Some who attended Saint Anthony’s may take exception to Moody’s frank and revealing story which he relates with dignity and humor. They might misunderstand his use of narrative non-fiction to tell parts of his tale. They may even misjudge his skill in enticing the reader to follow him down the rabbit hole. But Moody’s literary style, a smart blend of fact and fiction to explain his pain and confusion, has much to do with the power and allure of his memoir. As an honest wordsmith, it’s clear from the beginning that his journey to explore how he felt back then, more than forty five years ago, is an attempt to understand how he feels today. As fearlessness springs from vulnerability, Moody demonstrates how one’s wound can often make a person part of the truth he seeks.

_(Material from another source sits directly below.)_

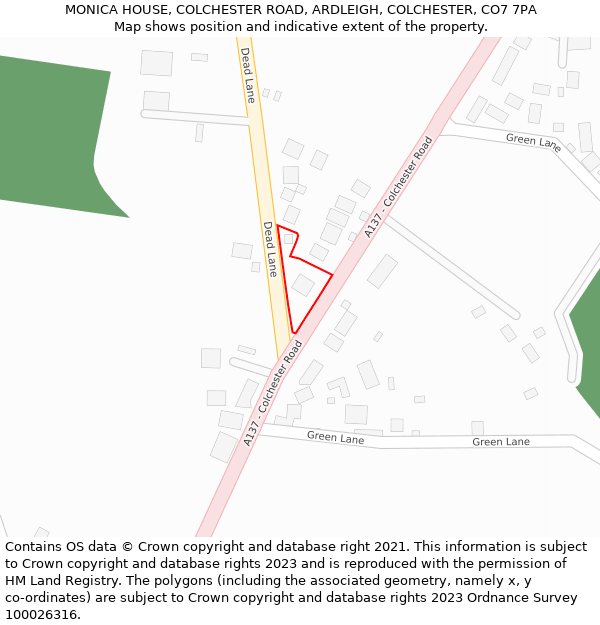 MONICA HOUSE, COLCHESTER ROAD, ARDLEIGH, COLCHESTER, CO7 7PA: Location map and indicative extent of plot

In an intimately human way, the concept of the redeeming nature of suffering, far beyond the realm of church theology, begins to make sense in the personal quest for a spiritual life.

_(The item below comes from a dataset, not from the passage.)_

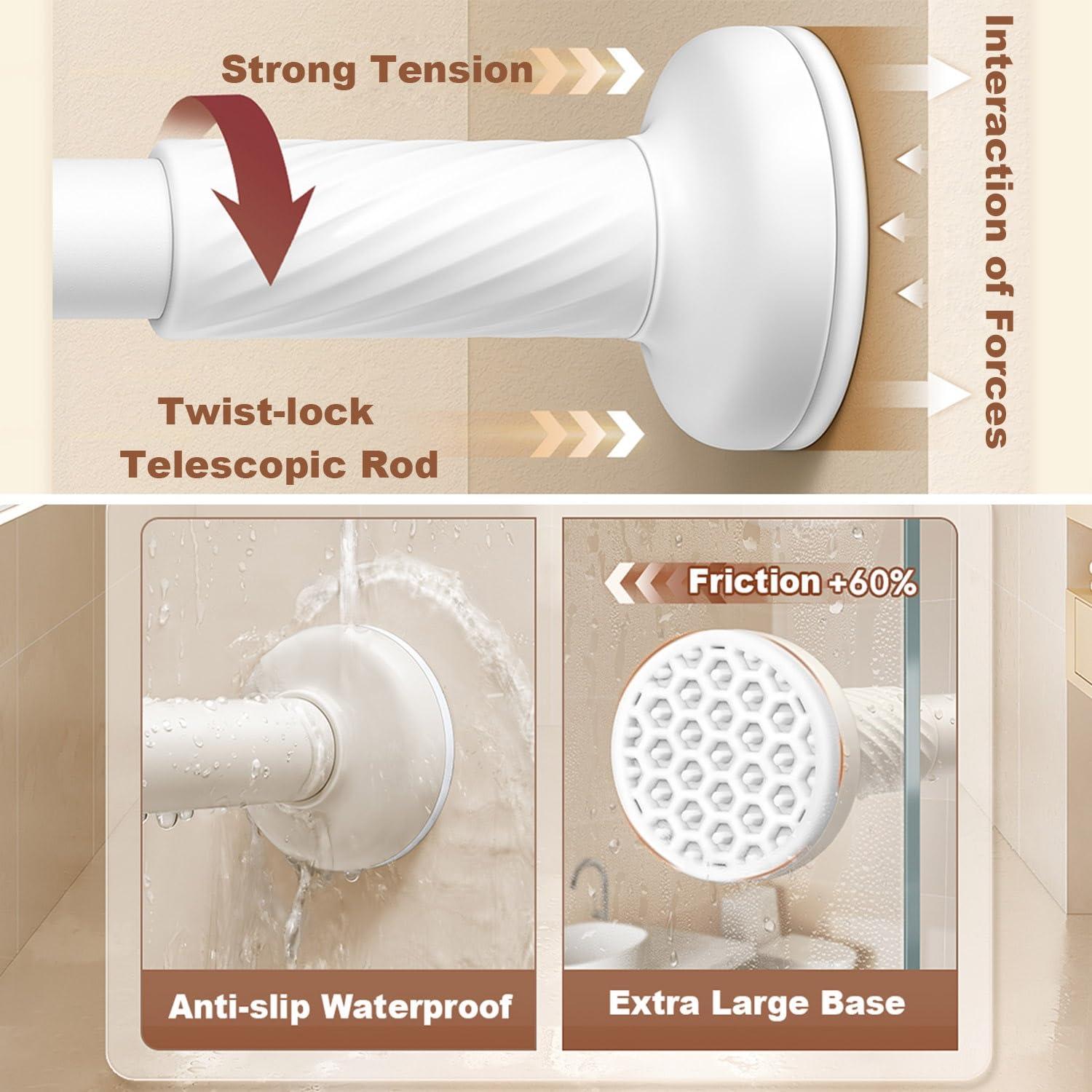 Liligic Shower Curtain Rod 28-192 inch Adjustable Tension Curtain Rod No Drilling Telescoping Rod, Diameter 1inch, for Bathroom Windows Closet Rods, No Rust(Cream,240-310cm(95-122in))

Moody’s subtle insights are relevant to how I perceive and feel my own wound. Over the years, it’s proven to be a peculiar source of strength, acceptance and release. The struggle that ultimately freed me was in the throes of suffering, while the triumph of a much saner world rebounded from the wound that became my guide. A good part of this pain enabled me to pursue and practice ideals that served others, something I learned as a student in the very school where I was harmed. But not blindly and not without inner knowledge. For me, it has never been about the wound that won’t heal or even the wound that’s been re-opened. One paradox of making ourselves well is in the very sore we bind, pick at, cleanse and redress. It’s the redemptive wound that often redefines our personal beliefs about what we need to heal and how those needs make us whole.
Part of the Cure
Some months ago I re-connected with Raymond, the older cousin of the survivor I helped obtain treatment for in 2004. He reported that his cousin went through some tough years after his initial clinical assessment. But further therapy and the correct medication eventually helped stabilize his younger cousin’s condition, giving him the opportunity to work and live on his own, which he’s managed to do since 2009.

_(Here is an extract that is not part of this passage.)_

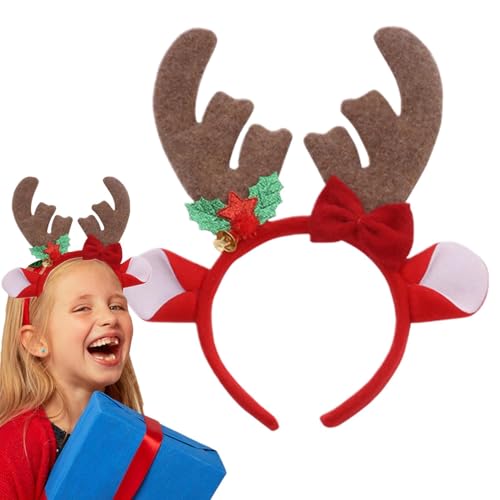 Geweih-Stirnbänder für Kinder,Elchgeweih-Haarband - Geweih-Design, Weihnachts-Stirnband, Haarband,Kurzes, langes Haar, saisonale Kopfbedeckung, , passend für Erwachsene und Kinder für Bühne, Fotografi von Jongyumo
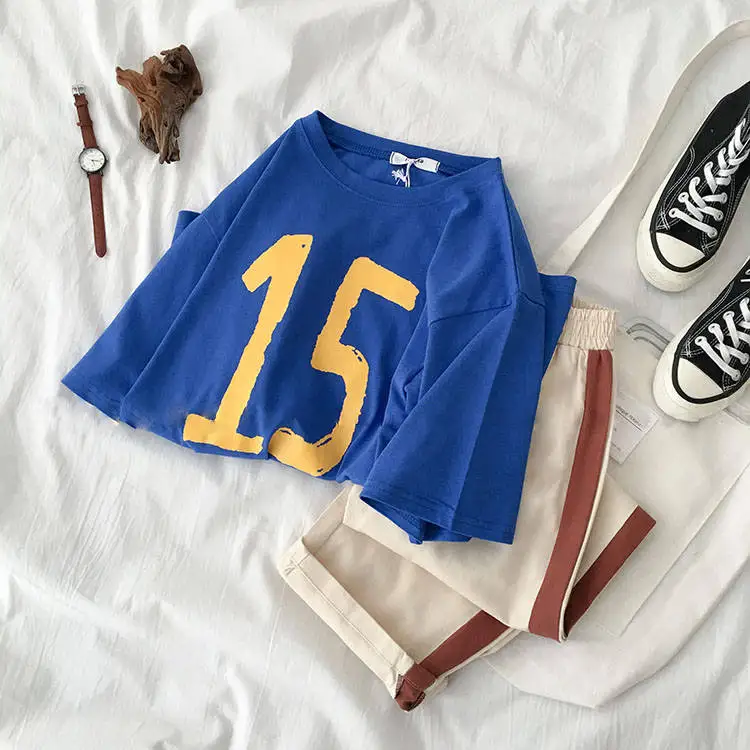 

2019 Set female students summer new Korean print short-sleeved t-shirt + casual long pants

When I asked Raymond how he, himself, was doing, he responded in an email:
“I was mostly in the dark all those years. I wasn’t a slacker or a deadbeat. Every morning I got up, went to work, paid the bills, made sure the needs of my family were met. But I was avoiding myself. When my youngest daughter almost drowned in a boating accident in 2008, I immediately blamed myself for an incident that was completely beyond my control. As she lay there in a hospital bed, sedated, but out of danger, I wept for hours and couldn’t stop. It was like waking up and leaving myself behind. I kept sensing how alive it felt to experience my own pain. It was the strangest thing. My daughter had almost died, and there I was, sitting at her bedside embracing my own suffering. I knew exactly where all this was coming from. It just took this long to realize I would be all right.”
The crime of clergy sexual abuse is hideous and shocking. But the wound it inflicts, in stark contrast to its dark shadow, can often be brilliant and illuminating. We know that the church is, and has been, part of this terrible sickness. What we need to acknowledge and affirm is that everyone who survives the illness is part of the cure.